- [Supplied data]
......

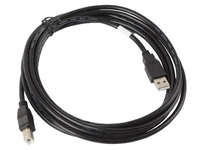 LANBERG Kabel USB 2.0 AM-BM 1.8M czarny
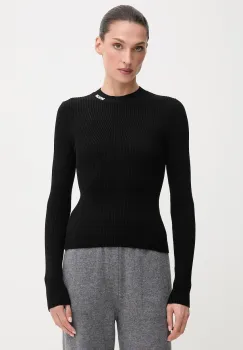 MSGM pulover culoarea negru, cu turtleneck, 3941MDM217.257784 imagine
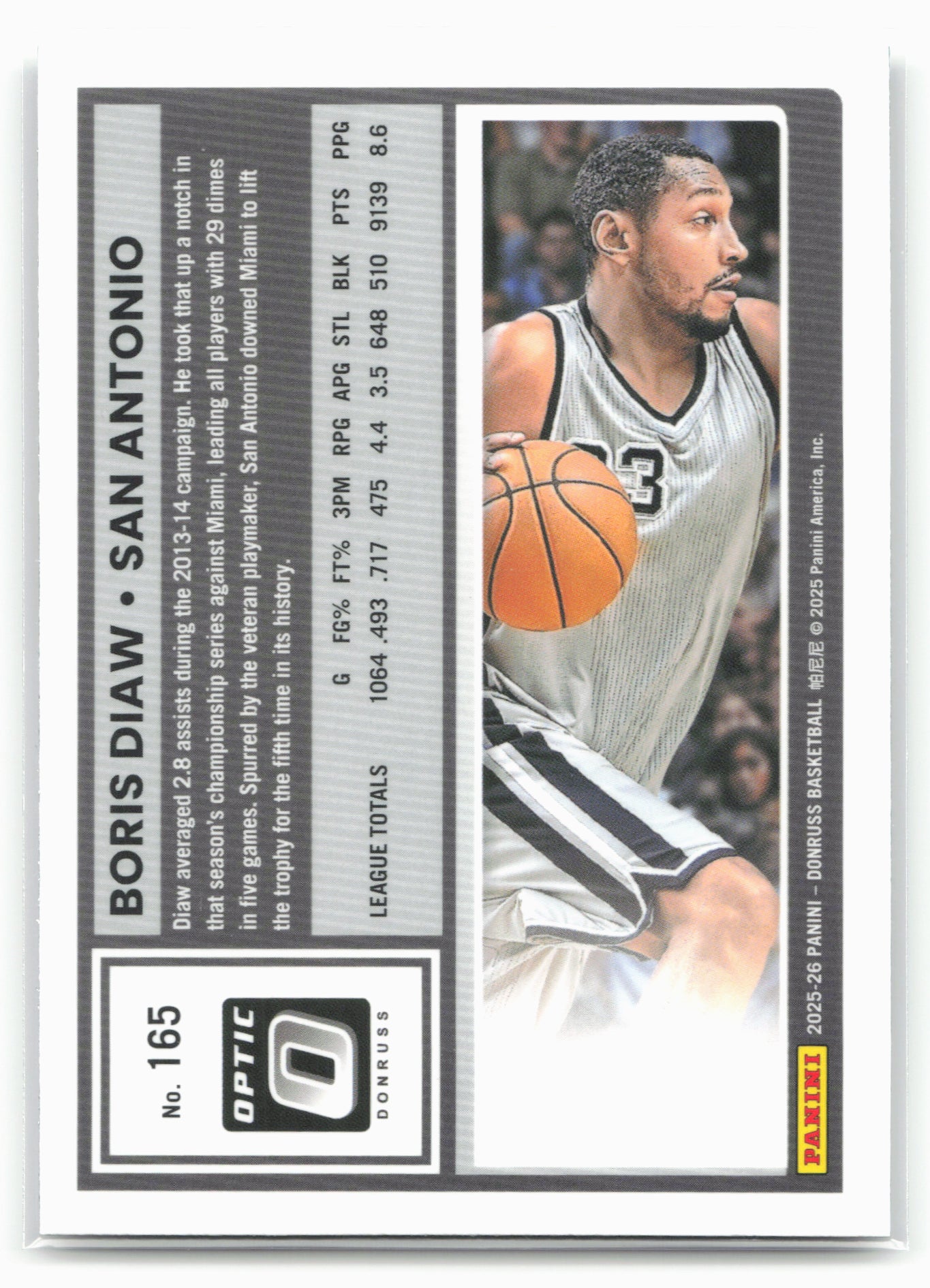 2025-26 Donruss #165 Boris Diaw Optic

......

- [Work request]
Give the listing above again in its entirety, exactly as written and free of images.

- [Output]
 LANBERG Kabel USB 2.0 AM-BM 1.8M czarny
 MSGM pulover culoarea negru, cu turtleneck, 3941MDM217.257784 imagine
 2025-26 Donruss #165 Boris Diaw Optic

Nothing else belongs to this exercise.